Case ID: ad2d_107/html/0854-01.html
Source: Caselaw Access Project
Author: {"author": "", "license": "Public Domain", "url": "https://static.case.law/"}
Date Created: 2024-08-24T03:29:51.129683

The People of the State of New York, Respondent, v Lance Pantusco, Appellant.
   — Appeal from a judgment of the County Court of Ulster County (Vogt, J.), rendered October 17, 1983, convicting defendant upon his plea of guilty of the crime of burglary in the third degree.

At about 3:30 a.m. on March 15, 1983, two police officers observed defendant carrying an open bottle of liquor on Broadway in the City of Kingston in Ulster County.
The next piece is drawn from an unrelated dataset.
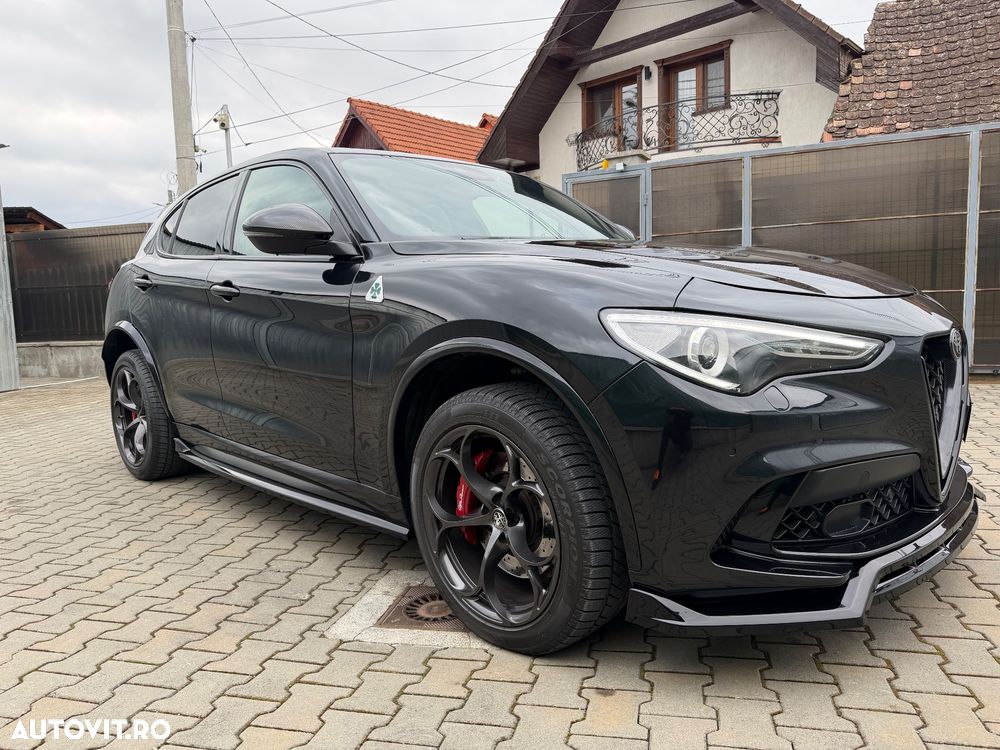 Alfa Romeo Stelvio 2.9 V6 Turbo AWD AT8 Quadrifoglio - 8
The officers arrested defendant for violation of the city’s open containers law, which makes it unlawful “for any person to appear on a public highway or thoroughfare * * * in possession of an open container which contains any form of alcoholic beverage” (Ordinance Creating an Open Containers Law in the City of Kingston, April 5,1978, § 3, as amd). Upon arrest, the officers noticed that “it appeared like [defendant] had something hid inside of his jacket or of his pocket, and he also had a wooden object sticking out of his rear pocket”. Officer James Brooks took the wooden object from defendant’s pocket; it turned out to be an ice pick. Defendant was then read his rights, patted down, and his pockets were emptied. The search revealed, in addition to the ice pick, $48.97 in United States currency, a gold-colored metal cross, a cue ball, one Bic lighter, a little metal insert, a Zippo lighter, 12 bags of peanuts, one box of Band-Aids, 44 lottery tickets, a film container with a small amount of marihuana in it, and an open carton of Newport cigarettes with seven packs left in it.

Within minutes of the search, other police officers informed Brooks and his partner of a possible burglary at a local tavern, George and Nan’s, located only 80 yards from where the officers first spotted defendant. Brooks and his partner went to the tavern where the owner identified as his the gold-colored cross and the Band-Aid box with the lottery tickets in it. Later, at police headquarters, the owner also identified the ice pick, the Bic lighter, the metal insert, the Zippo lighter, and the spout of the liquor bottle which defendant had dropped on the sidewalk just before his arrest, causing it to shatter.

Subsequently, defendant was indicted for burglary in the third degree and criminal possession of stolen property in the third degree. On May 16, 1983, defendant made an omnibus motion to, inter alia, suppress the seized items on the ground that the search and seizure was unlawful and unreasonable.

A suppression hearing was held and the probable cause for defendant’s arrest was challenged, defendant’s counsel arguing, in pertinent part, that the police officers could not have observed that the bottle defendant was carrying was open. County Court denied the suppression motion after hearing Brooks’ testimony, the only witness called at the hearing. That same date, defendant entered a plea of guilty to the first count of the indictment, burglary in the third degree, in satisfaction of both counts. Defendant was subsequently sentenced and this appeal ensued.

Defendant’s sole argument is that County Court erred by not suppressing the items seized. Specifically, for the first time on appeal, defendant asserts that the search and seizure was not made incident to a valid arrest since, he contends, the City of Kingston’s open containers ordinance is unconstitutional. This contention must be rejected. Even if we were to find that the ordinance in question was unconstitutional and that defendant did not waive the instant argument by not presenting it prior to appeal, we would affirm County Court’s determination.

In Michigan v De Fillippo (443 US 31), the Supreme Court held that an arrest made in good-faith reliance on an ordinance, which at the time had not been declared unconstitutional, is valid regardless of a subsequent judicial determination of its unconstitutionality if supported by probable cause. Moreover, a search incident to such a lawful arrest is valid (id.). Consequently, since the instant arrest was made pursuant to an ordinance not declared unconstitutional at that time, and it was supported by probable cause to believe that defendant had violated the ordinance, the search and seizure incident thereto was valid and the items seized pursuant thereto need not have been suppressed. The judgment should, therefore, be affirmed.

Judgment affirmed. Mahoney, P. J., Kane, Casey, Levine and Harvey, JJ., concur.